Tanpa Ini, Danantara Berisiko Jadi Entitas Politis yang Gilas Pengusaha Lokal

kumparan.com
22 jam lalu
Cover Berita

Round Table Discussion (RTD) Nagara Institute dan Akbar Faizal Uncensored (AFU) bertajuk ‘Menghitung Risiko dan Harapan Superholding BUMN Danantara’ menghasilkan serangkaian desakan kritis dari para tokoh kunci nasional.

Diskusi ini mengungkap bahwa perancangan Badan Pengelola Investasi Daya Anagata Nusantara (BPI Danantara), harus didasarkan pada konteks fiskal dan tata kelola yang realistis, serta menjamin ruang gerak bagi sektor swasta lokal.

Ketua Komisi XI Dewan Perwakilan Rakyat Republik Indonesia (DPR RI), H. Mukhamad Misbakhun, S.E., M.H., menyoroti isu paling fundamental dalam kebijakan Sovereign Wealth Fund (SWF) di Indonesia, yakni kegagalan membedakan antara negara dengan Anggaran Pendapatan dan Belanja Negara (APBN) surplus dan defisit.

Menurutnya, diskursus di Indonesia selama ini hanya mencontoh model SWF negara surplus (seperti Timur Tengah), padahal Indonesia masih menjalankan APBN dalam kondisi defisit.

“Ada dua model sovereign wealth fund yang jarang diteliti orang, kita jarang mempelajari yang sovereign wealth fund defisit,” ungkapnya, dalam keterangan tertulis, Kamis (17/12).
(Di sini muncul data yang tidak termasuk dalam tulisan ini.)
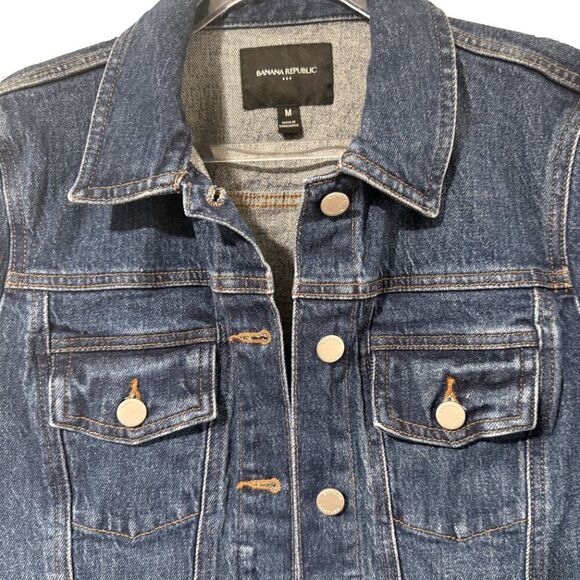 Banana Republic Factory Women’s Classic Denim Jacket Dark Wash - Medium - Picture 5 of 6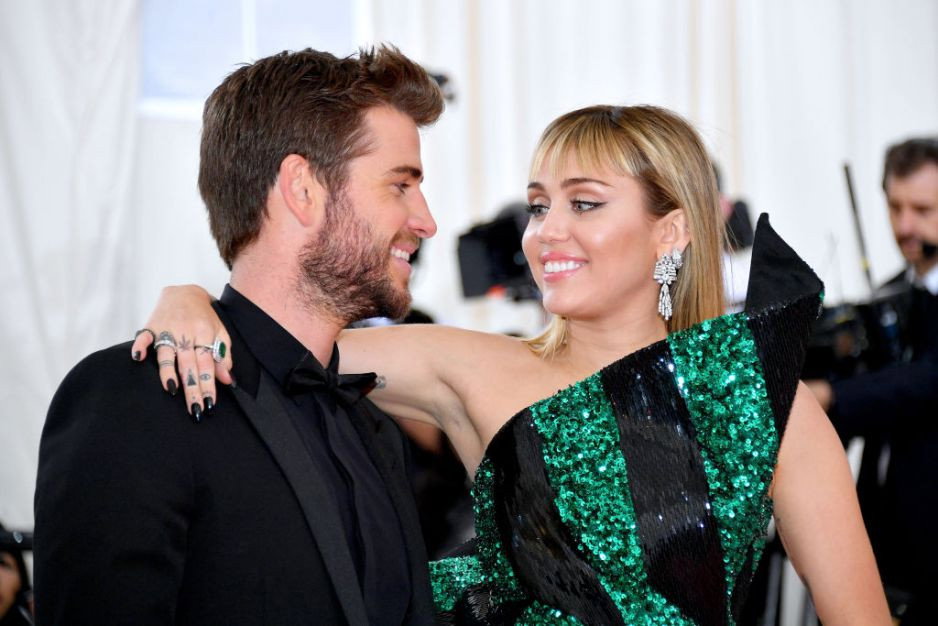 Miley Cyrus zmusiła Liama Hemswortha do złożenia pozwu o rozwód? Są nowe zaskakujące doniesienia!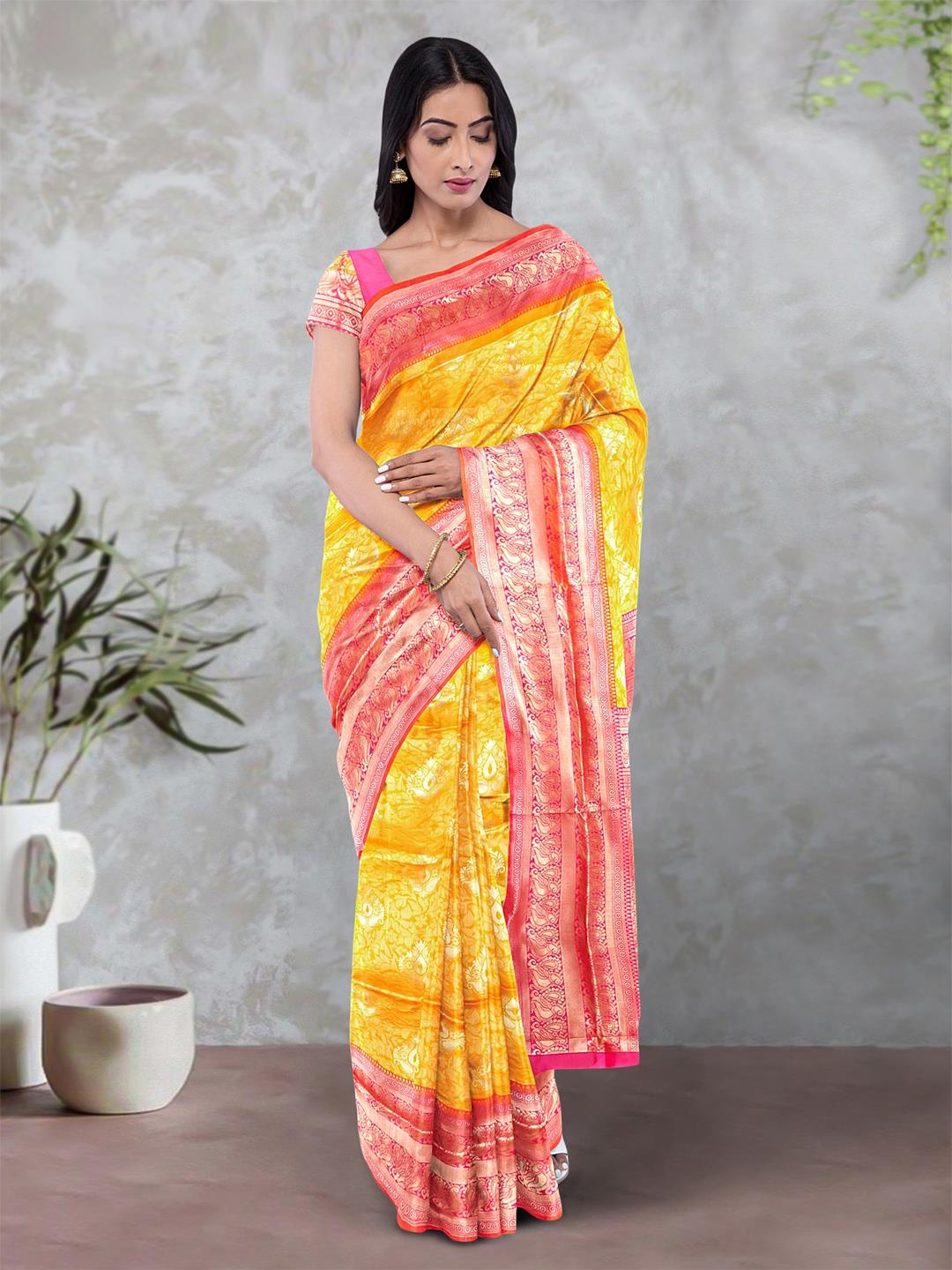 

Kalamandir Floral Printed Banarasi Saree, Yellow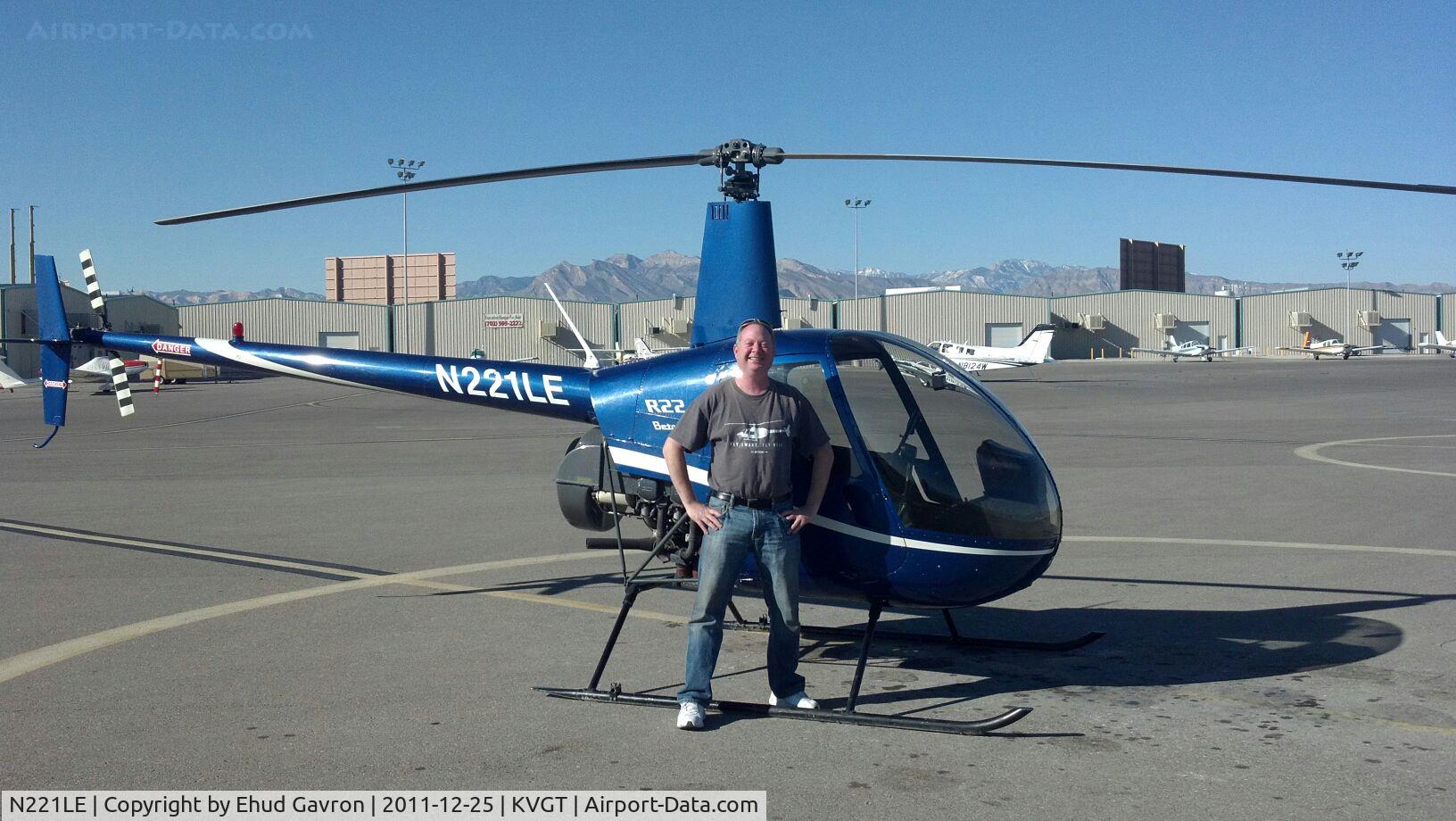 N221LE, 2005 Robinson R22 Beta C/N 3971, Getting ready for preflight and takeoff on a brisk (8C) morning!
“Ini yang sering luput kita bicarakan sedangkan kita APBN-nya defisit, modeling-nya berbeda atau tidak?,” sambungnya.

Mukhamad Misbakhun menekankan bahwa pendekatan pengelolaan dana investasi negara seharusnya kembali ke kerangka besar APBN.

Ia mencontohkan Amerika Serikat, negara dengan APBN defisit, yang mengelola dana investasi melalui pendekatan pooling fund dari pasar keuangan, bukan dari surplus anggaran klasik.

“Kita harus berani jujur melihat posisi kita, jangan hanya bicara soal sovereign wealth fund negara surplus, sementara struktur APBN kita berbeda,” tuturnya,

Ketua Komisi XI DPR RI ini pun mendesak agar desain BPI Danantara benar-benar menjawab kebutuhan ekonomi nasional, bukan sekadar mengikuti tren global.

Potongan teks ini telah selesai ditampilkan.